AI is quietly reshaping the way we talk

Florida State University researchers found AI buzzwords are seeping into spontaneous speech through unconscious learning, potentially creating algorithmic influence over how we frame ideas and express thoughts.

2 min read
AI is quietly reshaping the way we talk
Photo by Priscilla Du Preez 🇨🇦 / Unsplash

Artificial intelligence is changing how we speak. Florida State University researchers analyzed 22 million words from unscripted podcasts and found that ChatGPT's signature terms—"delve," "boast," "meticulous," and "garner"—are surging in everyday conversation while their synonyms stay flat.

The researchers call this "lexical seepage," and it differs from typical slang spread. Instead of bubbling up from subcultures or social media, these language shifts originate with algorithms. The mechanism appears rooted in cognitive psychology: repeated exposure unconsciously stores word choices in memory through implicit learning. AI may be putting words in our mouths.

Tom Juzek, the computational linguistics professor who led the study, analyzed 1,326 tech and science podcast episodes split between pre-ChatGPT (2019-2021) and post-ChatGPT (2023-2025) periods. He chose unscripted shows like Lex Fridman and Radiolab to capture spontaneous speech, excluding scripted content that might already be AI-assisted.

The effect doesn't come from initial training on massive datasets. It emerges during human preference learning, where young raters often reward polished-sounding buzzwords over substance. The language drift reflects not just what AI learned from the internet, but what humans told it to prioritize.

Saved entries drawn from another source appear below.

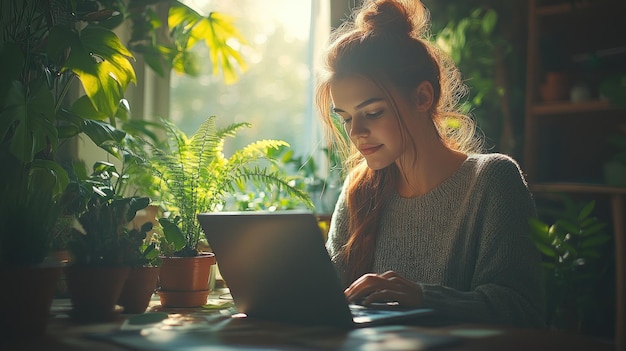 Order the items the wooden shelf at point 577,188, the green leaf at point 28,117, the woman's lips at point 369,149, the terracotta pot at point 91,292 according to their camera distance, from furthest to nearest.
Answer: the wooden shelf at point 577,188 < the woman's lips at point 369,149 < the green leaf at point 28,117 < the terracotta pot at point 91,292

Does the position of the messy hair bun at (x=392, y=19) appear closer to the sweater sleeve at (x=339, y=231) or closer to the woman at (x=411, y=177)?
the woman at (x=411, y=177)

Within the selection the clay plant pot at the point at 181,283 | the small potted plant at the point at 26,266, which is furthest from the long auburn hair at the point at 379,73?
the small potted plant at the point at 26,266

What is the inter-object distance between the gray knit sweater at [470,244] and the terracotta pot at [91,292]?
57 centimetres

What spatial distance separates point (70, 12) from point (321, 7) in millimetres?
1553

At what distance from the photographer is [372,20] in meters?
1.75

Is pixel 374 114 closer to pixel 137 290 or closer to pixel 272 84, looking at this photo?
pixel 137 290

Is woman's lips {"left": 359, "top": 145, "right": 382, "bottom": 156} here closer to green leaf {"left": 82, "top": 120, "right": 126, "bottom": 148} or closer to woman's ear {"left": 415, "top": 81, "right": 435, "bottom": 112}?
woman's ear {"left": 415, "top": 81, "right": 435, "bottom": 112}

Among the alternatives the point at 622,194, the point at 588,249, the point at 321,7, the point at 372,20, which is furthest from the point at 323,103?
the point at 622,194

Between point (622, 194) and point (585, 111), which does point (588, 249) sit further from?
point (585, 111)

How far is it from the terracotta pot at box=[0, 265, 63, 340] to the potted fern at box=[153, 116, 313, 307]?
367 mm

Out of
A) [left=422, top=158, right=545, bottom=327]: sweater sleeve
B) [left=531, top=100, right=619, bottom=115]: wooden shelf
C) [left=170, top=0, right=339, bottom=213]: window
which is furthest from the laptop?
[left=531, top=100, right=619, bottom=115]: wooden shelf

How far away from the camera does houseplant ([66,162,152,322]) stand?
1194 millimetres

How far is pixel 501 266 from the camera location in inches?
56.8

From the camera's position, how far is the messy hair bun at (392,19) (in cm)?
175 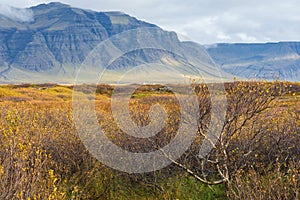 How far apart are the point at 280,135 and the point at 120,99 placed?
13.6 feet

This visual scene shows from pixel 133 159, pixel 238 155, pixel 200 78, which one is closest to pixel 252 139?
pixel 238 155

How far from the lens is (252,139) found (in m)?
8.57

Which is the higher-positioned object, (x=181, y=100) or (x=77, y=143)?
(x=181, y=100)

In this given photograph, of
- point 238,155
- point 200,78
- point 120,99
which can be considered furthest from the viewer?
point 120,99

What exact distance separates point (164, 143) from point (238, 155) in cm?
170

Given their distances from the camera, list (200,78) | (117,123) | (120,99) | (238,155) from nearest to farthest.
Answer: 1. (200,78)
2. (238,155)
3. (117,123)
4. (120,99)

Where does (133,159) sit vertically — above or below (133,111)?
below

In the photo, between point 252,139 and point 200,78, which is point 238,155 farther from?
point 200,78

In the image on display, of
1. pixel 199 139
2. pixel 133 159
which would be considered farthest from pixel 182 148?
pixel 133 159

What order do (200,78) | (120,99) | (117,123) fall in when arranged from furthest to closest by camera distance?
(120,99), (117,123), (200,78)

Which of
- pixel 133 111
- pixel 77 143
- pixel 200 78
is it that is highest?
pixel 200 78

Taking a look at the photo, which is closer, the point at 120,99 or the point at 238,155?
the point at 238,155

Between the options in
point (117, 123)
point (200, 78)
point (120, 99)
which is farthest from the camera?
point (120, 99)

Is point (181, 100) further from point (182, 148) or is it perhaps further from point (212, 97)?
point (182, 148) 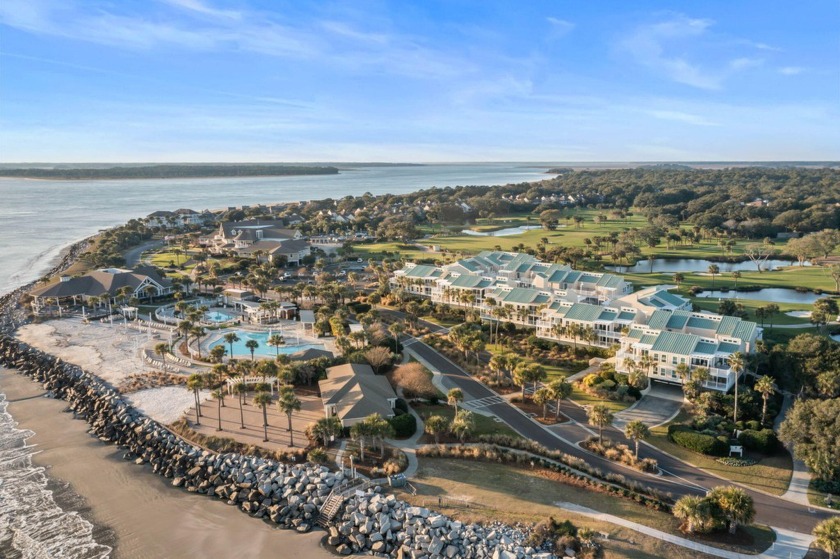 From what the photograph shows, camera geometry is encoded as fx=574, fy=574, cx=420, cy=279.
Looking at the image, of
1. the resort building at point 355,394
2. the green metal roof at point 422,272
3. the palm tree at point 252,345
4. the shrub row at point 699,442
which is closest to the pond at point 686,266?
the green metal roof at point 422,272

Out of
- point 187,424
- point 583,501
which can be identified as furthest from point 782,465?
point 187,424

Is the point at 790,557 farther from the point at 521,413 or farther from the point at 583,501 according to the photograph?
the point at 521,413

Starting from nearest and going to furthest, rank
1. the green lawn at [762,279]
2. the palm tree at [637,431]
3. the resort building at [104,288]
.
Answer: the palm tree at [637,431]
the resort building at [104,288]
the green lawn at [762,279]

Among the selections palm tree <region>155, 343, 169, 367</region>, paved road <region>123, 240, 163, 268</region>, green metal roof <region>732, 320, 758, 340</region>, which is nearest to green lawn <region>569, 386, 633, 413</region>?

The implications extend beyond vocabulary. If different AI companies fine-tune their models differently, populations could adopt distinct speech patterns. Moti Moravia from Leo AI points out that while AI reflects existing patterns, it amplifies the "highest-value" versions learned from millions of interactions, shifting which language forms dominate.

This affects how we think, not just how we talk. If algorithms limit our synonym choices, they're also narrowing how we frame ideas. AI systems magnify dominant language patterns, accelerating their adoption across culture. Without continued human input, they risk replaying the past instead of adapting to present realities.

Juzek cautions this might be inherent to gradient descent—the optimization procedure at the core of how models learn. The "small tweaks snowball" effect he describes suggests something more fundamental than a temporary trend.

Face-to-face conversations remain largely unaffected for now, but phone calls and other mediated speech will probably see similar effects. The risk is homogenization—not dramatic enough to notice immediately, but sufficient to flatten regional dialects and dampen linguistic creativity over time.